EXERCISE OBJECTIVE — Here are the records. Write out exactly the lines between the one holding "案例解读:实盘多空资金处于当前情绪阶段回暖环境使用五大配资的" and the one holding "Red Cotton Night-Cap", inclusive.

MATERIAL TO PROCESS —
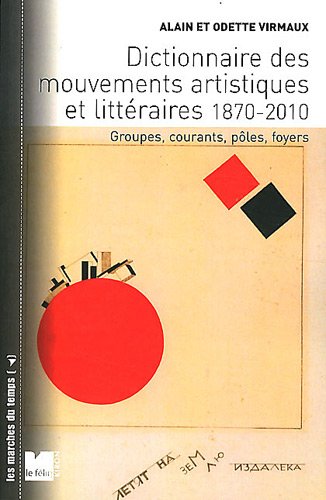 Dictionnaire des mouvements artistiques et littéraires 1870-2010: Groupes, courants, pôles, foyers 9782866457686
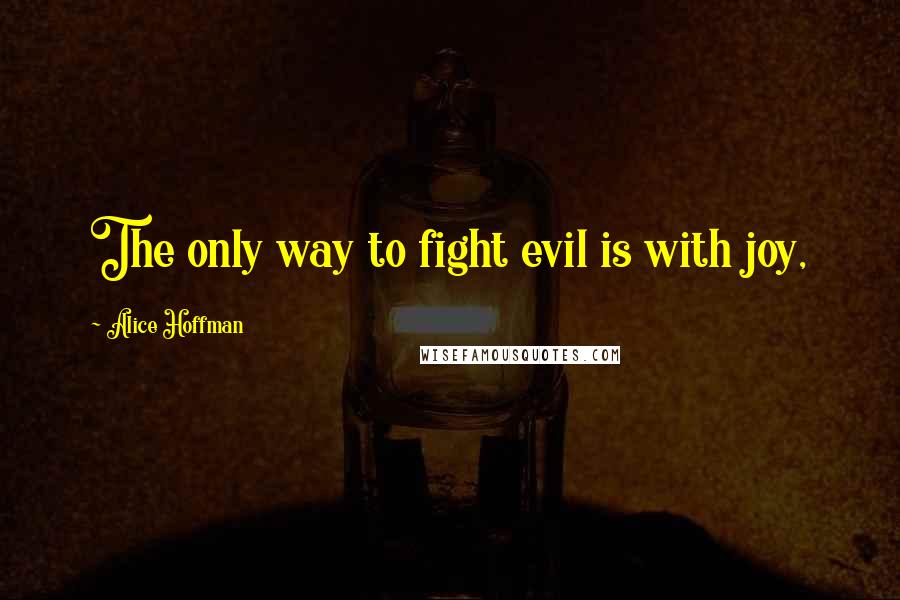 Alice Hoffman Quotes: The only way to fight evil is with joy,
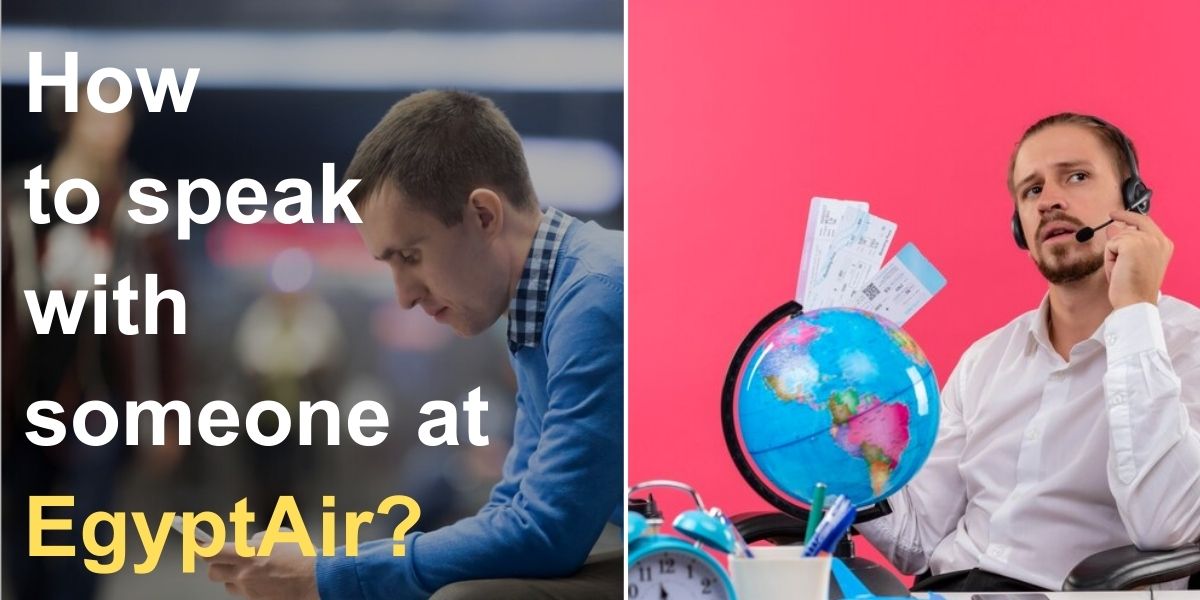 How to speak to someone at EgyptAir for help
---
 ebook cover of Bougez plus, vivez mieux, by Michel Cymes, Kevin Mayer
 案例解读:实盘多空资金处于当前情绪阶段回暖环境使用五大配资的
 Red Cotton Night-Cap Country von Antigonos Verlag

WRITTEN REPLY —
 案例解读:实盘多空资金处于当前情绪阶段回暖环境使用五大配资的
 Red Cotton Night-Cap Country von Antigonos Verlag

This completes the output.